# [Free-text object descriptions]

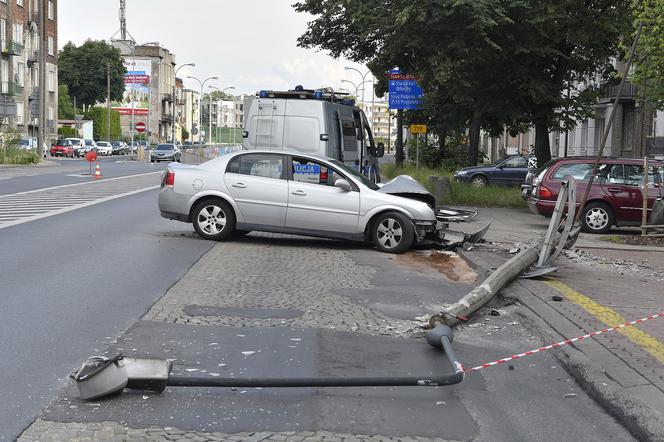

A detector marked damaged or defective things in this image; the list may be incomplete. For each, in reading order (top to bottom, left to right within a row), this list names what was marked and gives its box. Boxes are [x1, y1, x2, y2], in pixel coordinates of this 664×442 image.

crashed silver car [158, 150, 440, 252]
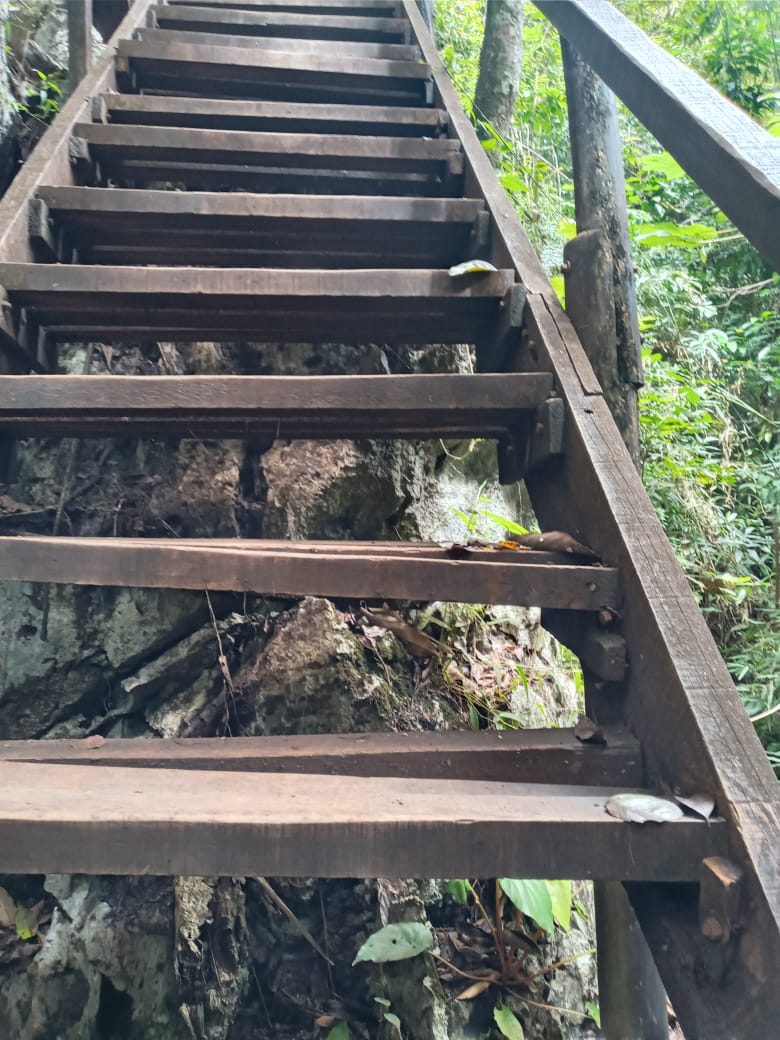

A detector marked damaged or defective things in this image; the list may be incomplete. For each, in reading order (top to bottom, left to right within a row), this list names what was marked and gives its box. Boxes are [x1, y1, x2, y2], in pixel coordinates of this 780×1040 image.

broken step [33, 189, 488, 268]
broken step [0, 268, 512, 346]
broken step [0, 536, 620, 608]
damaged wooden plank [0, 728, 644, 784]
broken step [0, 760, 724, 880]
damaged wooden plank [0, 764, 724, 876]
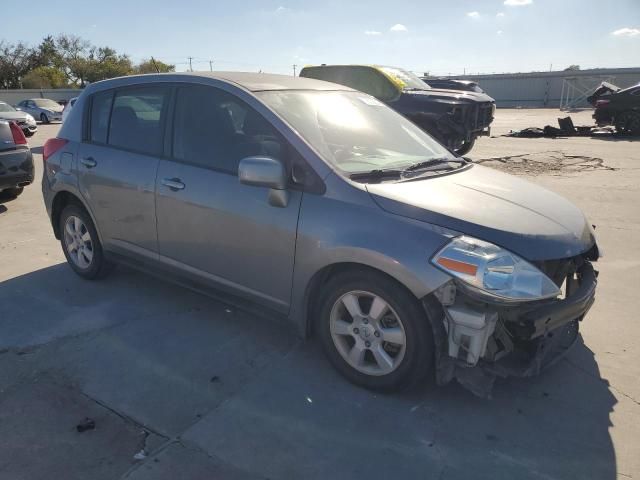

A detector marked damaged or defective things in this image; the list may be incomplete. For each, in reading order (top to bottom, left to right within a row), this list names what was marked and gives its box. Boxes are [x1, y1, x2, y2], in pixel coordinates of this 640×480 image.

damaged car in background [300, 64, 496, 155]
damaged car in background [592, 81, 640, 135]
broken headlight lens [430, 235, 560, 302]
damaged front bumper [424, 260, 596, 396]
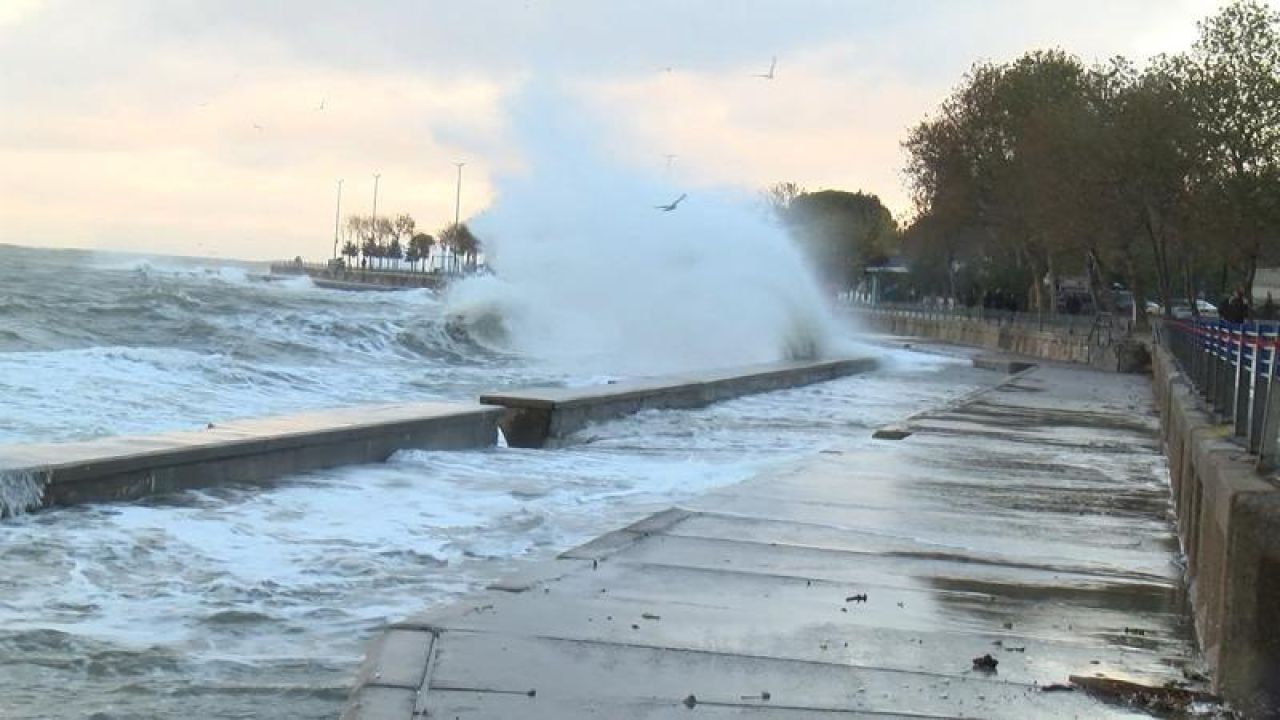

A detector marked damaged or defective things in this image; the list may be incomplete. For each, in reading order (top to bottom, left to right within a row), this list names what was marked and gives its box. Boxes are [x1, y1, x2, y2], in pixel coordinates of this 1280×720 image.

broken concrete edge [0, 397, 499, 509]
broken concrete edge [481, 356, 880, 445]
broken concrete edge [870, 358, 1039, 438]
broken concrete edge [1152, 343, 1280, 712]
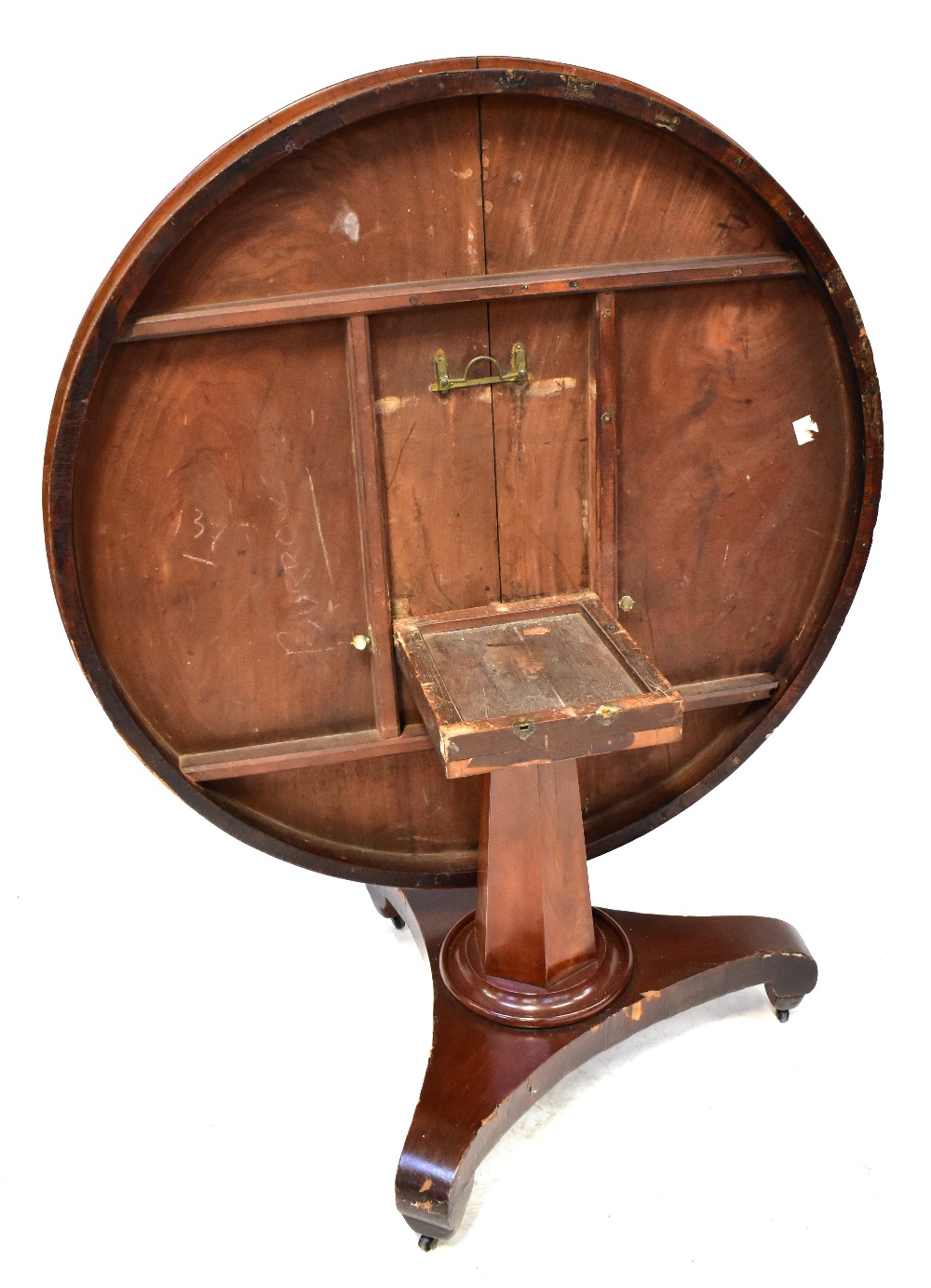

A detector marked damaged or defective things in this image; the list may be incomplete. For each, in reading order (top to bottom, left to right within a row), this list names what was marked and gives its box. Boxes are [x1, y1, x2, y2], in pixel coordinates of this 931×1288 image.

damaged wood edge [115, 251, 803, 340]
damaged wood edge [176, 674, 777, 782]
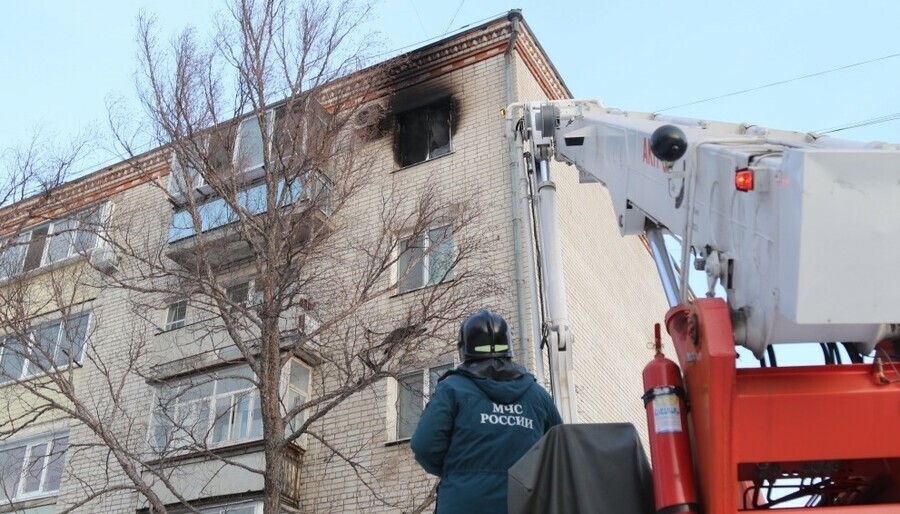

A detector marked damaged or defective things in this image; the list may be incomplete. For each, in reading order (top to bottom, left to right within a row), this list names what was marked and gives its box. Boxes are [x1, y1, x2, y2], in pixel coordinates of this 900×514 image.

burnt window [398, 98, 450, 166]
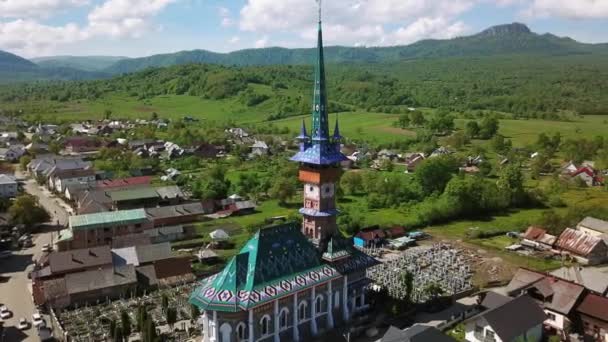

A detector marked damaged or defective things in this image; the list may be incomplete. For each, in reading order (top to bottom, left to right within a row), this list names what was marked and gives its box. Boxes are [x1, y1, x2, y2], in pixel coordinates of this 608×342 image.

rusty metal roof [556, 227, 604, 256]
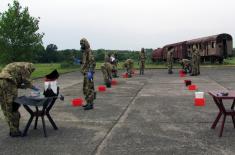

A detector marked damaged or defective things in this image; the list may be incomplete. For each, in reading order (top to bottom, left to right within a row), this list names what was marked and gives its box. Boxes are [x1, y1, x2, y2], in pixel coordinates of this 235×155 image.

rusty railway wagon [152, 33, 233, 63]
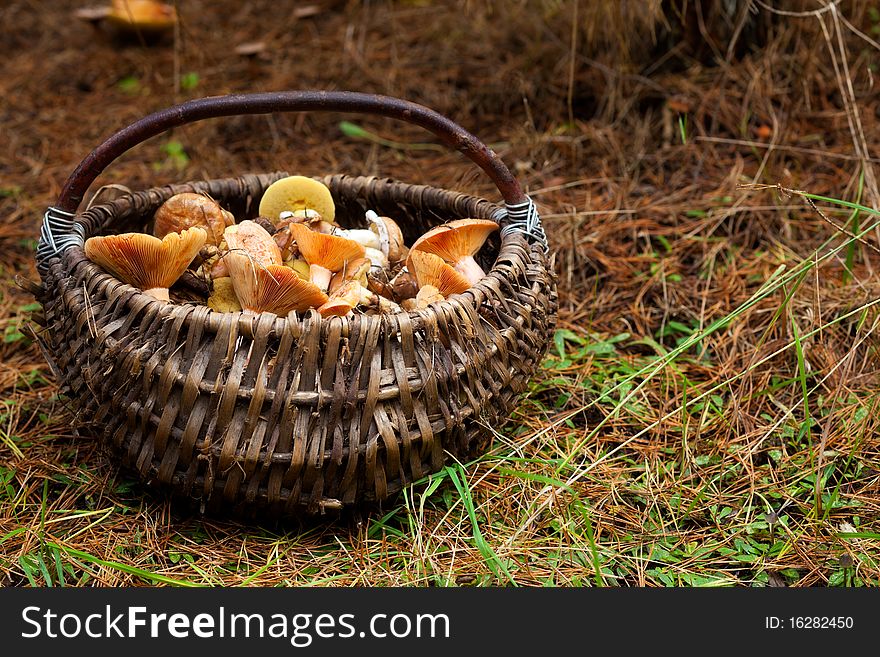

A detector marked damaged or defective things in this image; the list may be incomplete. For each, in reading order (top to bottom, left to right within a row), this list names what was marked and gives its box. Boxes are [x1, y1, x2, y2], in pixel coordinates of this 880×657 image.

rusty metal handle [56, 89, 528, 211]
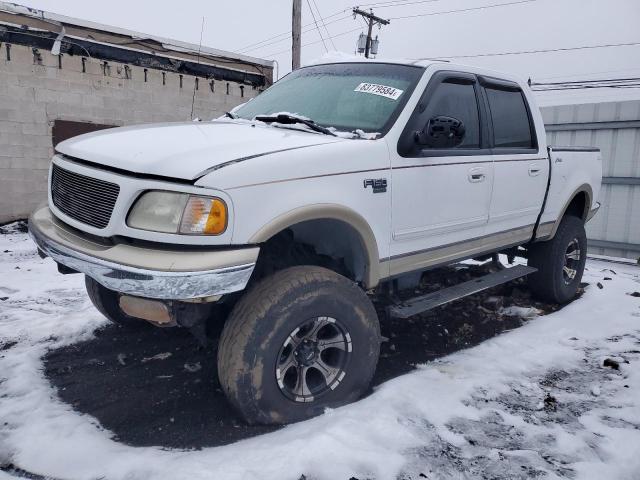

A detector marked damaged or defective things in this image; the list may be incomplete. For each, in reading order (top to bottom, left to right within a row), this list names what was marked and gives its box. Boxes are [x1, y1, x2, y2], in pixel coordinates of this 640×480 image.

damaged hood [55, 121, 344, 181]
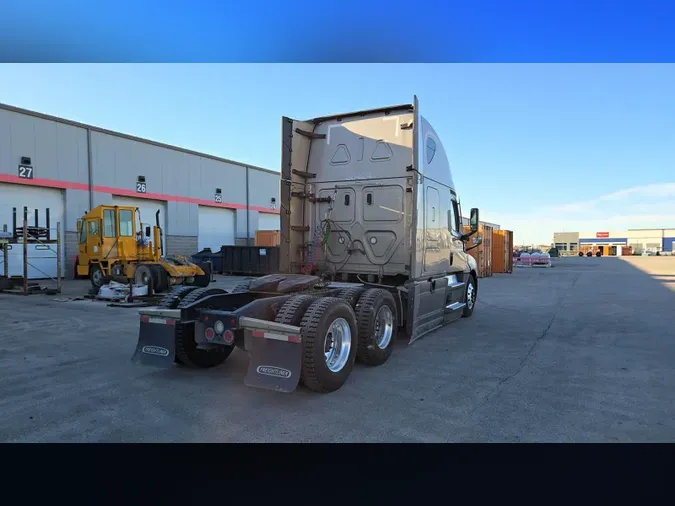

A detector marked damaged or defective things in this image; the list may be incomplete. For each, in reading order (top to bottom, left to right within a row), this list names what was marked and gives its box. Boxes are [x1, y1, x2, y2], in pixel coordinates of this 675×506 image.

rusty shipping container [256, 229, 282, 247]
rusty shipping container [462, 225, 494, 278]
rusty shipping container [494, 230, 516, 272]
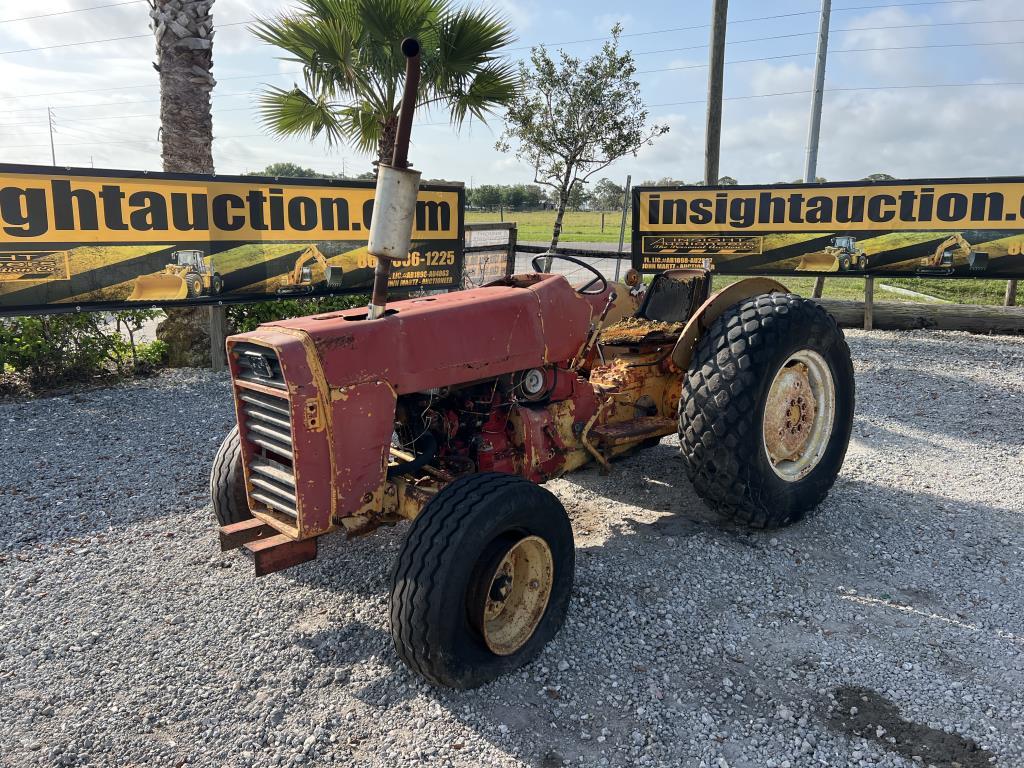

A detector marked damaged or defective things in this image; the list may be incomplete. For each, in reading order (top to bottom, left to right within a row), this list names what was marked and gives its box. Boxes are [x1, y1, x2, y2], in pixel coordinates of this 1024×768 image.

rusty tractor hood [229, 274, 598, 393]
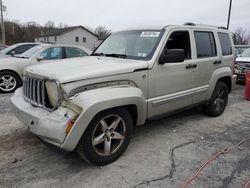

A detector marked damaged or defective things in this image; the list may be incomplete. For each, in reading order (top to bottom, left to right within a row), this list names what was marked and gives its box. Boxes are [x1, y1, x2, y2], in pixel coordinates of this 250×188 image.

damaged front bumper [11, 88, 77, 148]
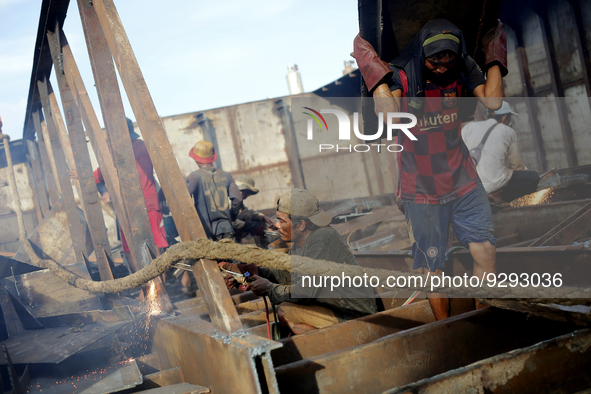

# [TRY IT]
Taking each record in turn, retype it exactly and drop any picture.

# [THE COMPLETED TASK]
A detector marked damaged or defective things in this image; the list may be incomplete. For each, in reading order (top to bottom, left to right within a row), this list names what was marked and gives its box. Boxes are [x1, y1, x2, y2], in pixel coordinates of this 664×442 image.

crashed silver car [158, 150, 440, 252]

A detector marked damaged or defective things in this image; the list may be incomplete. For each, in reading order (top to bottom, left to right within a row), this list names what was marked and gives its box. Boxes are [x1, y1, x2, y2], in pixel coordinates of this 780×1040 image.

broken step [33, 189, 488, 268]
broken step [0, 268, 512, 346]
broken step [0, 536, 620, 608]
damaged wooden plank [0, 728, 644, 784]
broken step [0, 760, 724, 880]
damaged wooden plank [0, 764, 724, 876]

A detector marked damaged or defective things in this image; the list may be incomplete. For each, in reading order (top to bottom, left to right within a row), this list names what was marked and gives its box. Boxes are [x1, y1, x2, y2], in pixel coordinates of this 640×480 image.

damaged car in background [300, 64, 496, 155]
damaged car in background [592, 81, 640, 135]
broken headlight lens [430, 235, 560, 302]
damaged front bumper [424, 260, 596, 396]

A detector marked damaged or defective things in this image; the list may be incomplete. For each, in reading order (top to bottom, left to right within a row), this list names what was marked and gives its box. Boxes are [x1, y1, x2, y2], in pixel coordinates of this 1280×720 image.

broken concrete edge [0, 397, 499, 509]
broken concrete edge [481, 356, 880, 445]
broken concrete edge [870, 358, 1039, 438]
broken concrete edge [1152, 343, 1280, 712]

A detector marked damaged or defective things in this image; the list may be incomplete. For each, in reading order (top to bottom, left to right within a row), this list names what was marked and gives its box. Boxes are [x1, y1, x2, y2], in pixel coordinates of this 931×1288 image.

damaged wood edge [115, 251, 803, 340]
damaged wood edge [176, 674, 777, 782]

A detector marked damaged or defective things in this image; the list may be incomplete. For each, in reading order (top to bottom, left to right within a row), this list names what was marked and gives its box. Boxes are [x1, y1, x2, y2], in pixel coordinates of this 900×514 image.

burnt window [398, 98, 450, 166]

A detector marked damaged or defective things in this image; the list may be incomplete. For each, in reading order (top to bottom, left to right within a row), this list names what was marked and gives its box. Boxes are [x1, y1, x2, y2], in pixel coordinates of this 608×342 image.

rusty metal roof [556, 227, 604, 256]

A detector marked damaged or defective things in this image; the list may be incomplete. For each, in reading order (top to bottom, left to right within a row), this list names what was marked and gives its box. Boxes are [x1, y1, x2, y2], in pixel coordinates of this 235×155 image.

rusty railway wagon [152, 33, 233, 63]

A detector marked damaged or defective things in this image; the list may be incomplete. For each, in reading order (top to bottom, left to right within a row), this list names what was marked and gives its box. Boxes are [x1, y1, x2, y2], in pixel coordinates of this 880×657 image.

rusty metal handle [56, 89, 528, 211]

A detector marked damaged or defective things in this image; the list may be incomplete. For each, in reading order (top to bottom, left to right within a row), this list names what was marked and gives its box. Boxes are [x1, y1, x2, y2], in pixel coordinates of this 640×480 image.

damaged hood [55, 121, 344, 181]

A detector marked damaged or defective things in this image; the list may be incomplete. For each, in reading order (top to bottom, left to right within a row), this list names what was marked and gives its box. Boxes are [x1, y1, x2, y2], in pixel coordinates of this 675×506 image.

rusty shipping container [256, 229, 282, 247]
rusty shipping container [462, 225, 494, 278]
rusty shipping container [494, 230, 516, 272]

A detector marked damaged or defective things in this image; the list may be incomplete. For each, in reading order (top to bottom, left to right within a row), this list names what was marked and gives its box. Boxes are [x1, y1, x2, y2], in pixel coordinates of this 1024×768 image.

rusty tractor hood [229, 274, 598, 393]

A detector marked damaged or defective things in this image; the list may be incomplete. For each, in reading order (top to bottom, left to right within a row), this list names what was marked and gives its box. Boxes are [x1, y1, x2, y2], in pixel coordinates of this 250×188 image.

damaged front bumper [11, 88, 77, 148]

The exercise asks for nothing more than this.